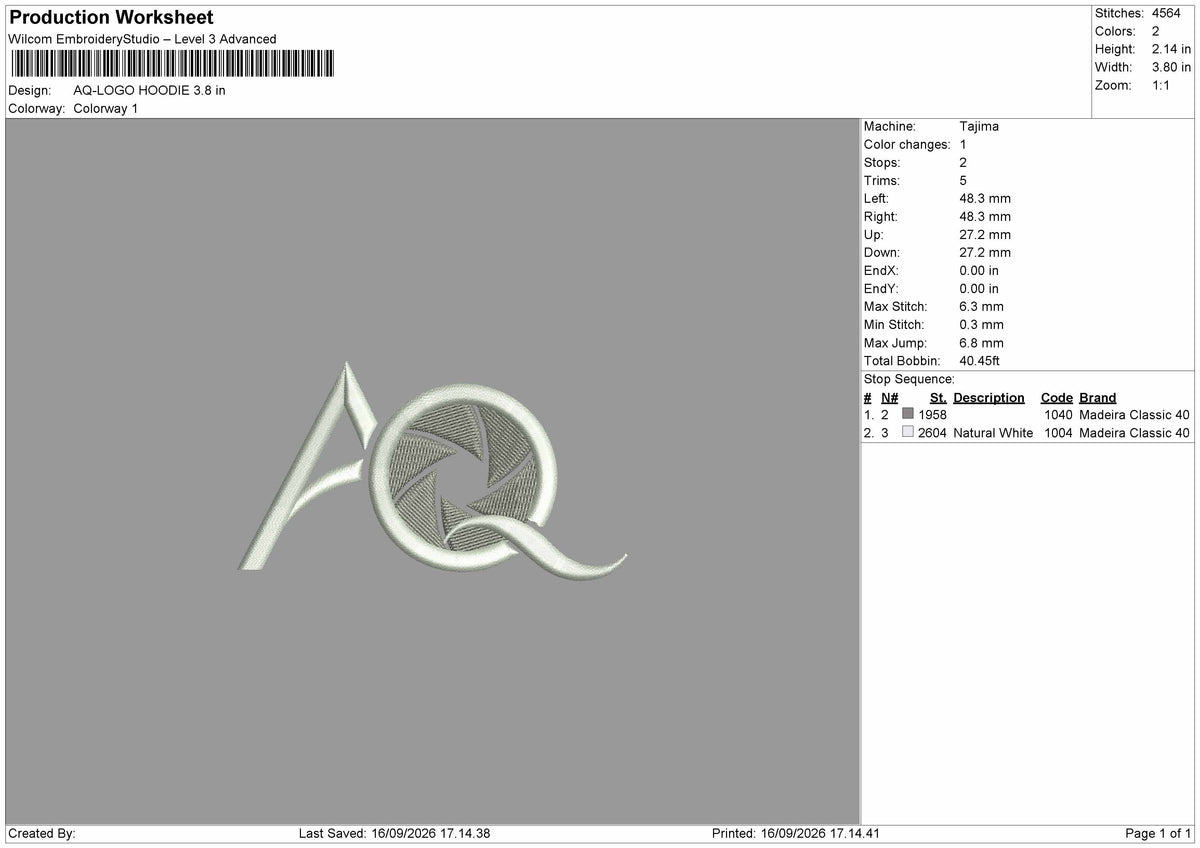 Aq Text Embroidery Machine Design 2 Files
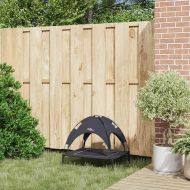 Кучешко легло Черно 63 x 49,5 x 60 см Стомана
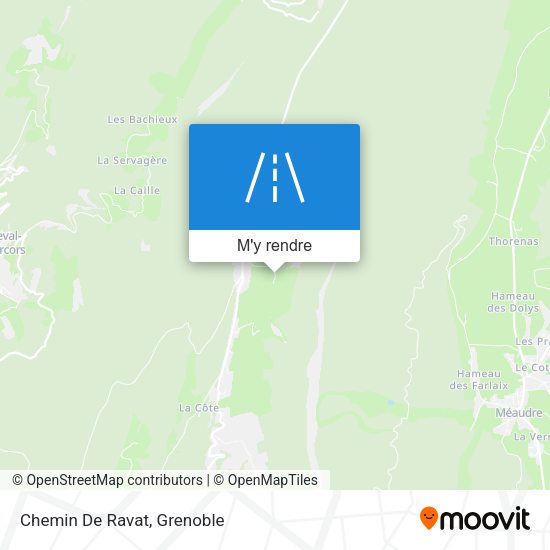 Chemin De Ravat plan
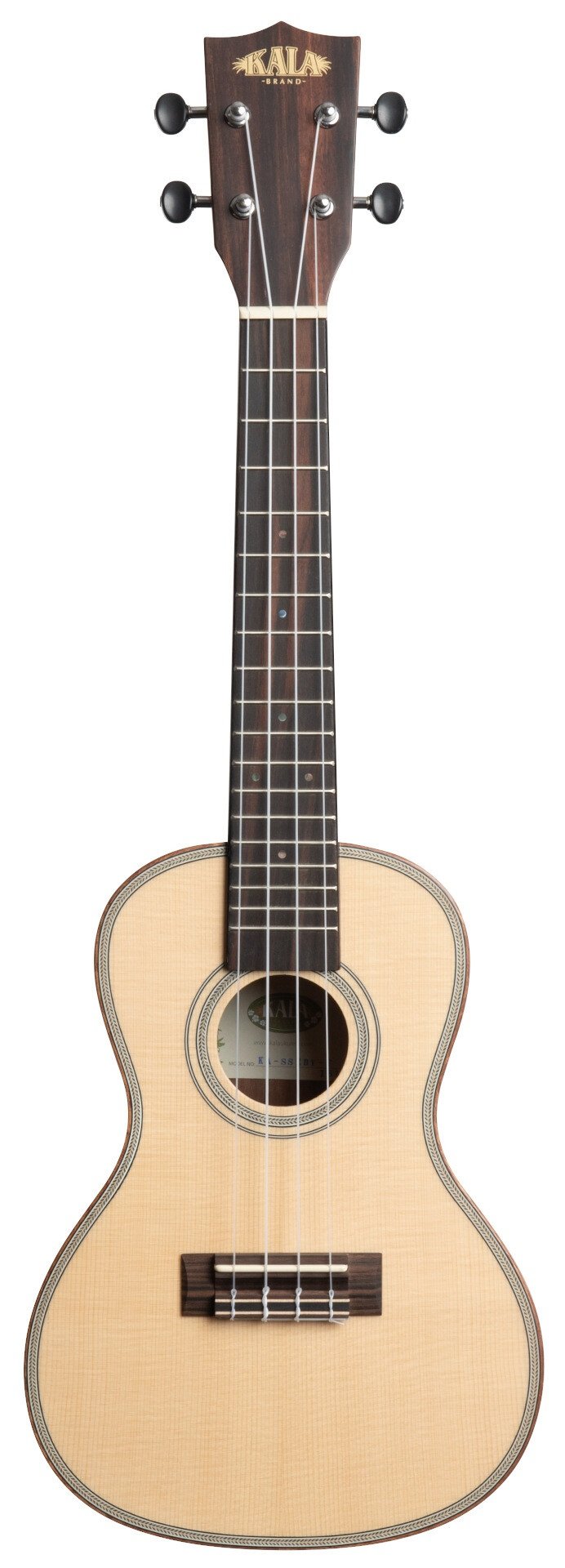 KA-SSEBY-C Solid Spruce Top Concert Ukulele with Bag - B-Stock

^^^^^^^^

▶ **Work request**:
Your copy of the listing should match it exactly, apart from the pictures, which are left out.

▶ **Written solution**:
 Aq Text Embroidery Machine Design 2 Files
 Кучешко легло Черно 63 x 49,5 x 60 см Стомана
 Chemin De Ravat plan
 KA-SSEBY-C Solid Spruce Top Concert Ukulele with Bag - B-Stock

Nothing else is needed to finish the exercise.